In April ’77, Lacy’s Quintet with Irène Aebi, Kent Carter, Oliver Johnson and Steve Potts performed at the Akademie der Künste as part of the Workshop Freie Musik, a concert documented on Follies. Tape deterioration precludes inclusion of the original A side of the LP in the current edition. Arguably, the deletion of these performances of “The Crust” and “The Throes” create minor holes in the digitalized record compared to the loss of the radiant ’82 septet performance of “Prospectus” for the hat ART LP box set of the same name. Additionally, this is not the first version of “The Crust” to disappear; the 1973 performance that provided the title for Lacy’s second Emanem collection was passed over for the 1998 compilation, Saxophone Special + .This was, however, the only recording of “The Throes” waxed by Lacy’s Quintet; a quartet version recorded earlier in ’77 was included on another rare LP, Raps (Adelphi).

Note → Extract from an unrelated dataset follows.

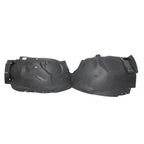 Front Fender Liner Replacement Driver Side for 2019-2021 Ford Edge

Still, the surviving performances make a strong, if cursory case that Lacy’s Quintet was one of the decade’s important working bands. “Esteem” and “Follies” encapsulate the impressive breadth of materials performed by the Quintet and exemplify its unique chemistry. Lacy recorded “Esteem” nine times between 1972 and 2001, four times between 1992 and ’94 alone. By then, Lacy had largely rewritten the piece, making it more accommodating of pianists like Gil Evans and Mal Waldron. This is the last, the longest and the most intense of the three Quintet recordings that follow the original contours of the piece. The raw emotional tenor of this performance stands in contrast to the stately honorific the piece became in later years. This is the sole extant recording of “Follies,” a frolicsome line goosed by an undulating rhythm. On this occasion, the theme was quickly abandoned for a full-throttle blow which emphasized the stylistic contrasts between Lacy and Potts, Aebi’s interstitial role within the ensemble, and the searing momentum created by the Carter-Johnson tandem.
Take an occasional glance at Lacy’s Jazz Review quote while listening to this collection; undoubtedly, one of his criteria will resonate with what you’re hearing at the moment. By the end of the album, you will have certainly heard them all, and maybe all at once.